With Zero Trust, organizations become able to continuously monitor and manage the hygiene, risk, and hardening of their entire estate across endpoints, cloud workloads, user identity, and networks. To achieve that, organizations are looking for a security and data analytics platform like an Extended Detection Response (XDR) platform that can perform data ingest at scale, data analytics, and centralized incident response and access management.

Building a Zero Trust Security Model

While the end-state of a Zero Trust security model sounds very promising, the challenge that many organizations face is defining a blueprint on how they can begin their Zero Trust journey and successfully migrate from their legacy perimeter-based model to a Zero Trust security model.

It’s important to acknowledge that moving to a Zero Trust security model will take time and won’t happen overnight. Therefore, it is essential to understand where you are starting from and what the long-term objectives are.

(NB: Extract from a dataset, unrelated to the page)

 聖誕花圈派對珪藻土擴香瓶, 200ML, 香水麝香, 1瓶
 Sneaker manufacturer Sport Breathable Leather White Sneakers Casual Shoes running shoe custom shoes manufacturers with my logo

To do so, you can utilize the Zero Trust maturity level matrix:

As organizations start their Zero Trust journey, this simple 5-step methodology can be helpful:

  1. Define your protect surface: This could be user information, personal identifiers, financial records, business information, assets, or anything else.
  2. Map transaction flows: This is tracking the way people are trafficked through a network.
  3. Architect the Environment: ZTN designs are unique per organization because your protected surface determines them.
  4. Outline the Zero Trust policies: Determine the Zero Trust policies by answering who, what, when, where, why, and how to access corporate resources and services.
  5. Monitor and Maintain the Environment: Gather telemetry, leverage autonomous solutions to perform analytics, detect anomalies and automatically respond based on the defined Zero Trust policies.

Next Steps

Everything is assumed to be breached in a Zero Trust environment, and endpoints and user identities must prove otherwise. An effective Zero Trust framework integrates best-of-breed solutions and existing infrastructure to fill security gaps without a forklift upgrade of the security stack. SentinelOne’s approach to Zero Trust provides the means for security teams to continuously monitor and manage the hygiene, risk, and hardening of their entire estate as part of a Zero Trust strategy.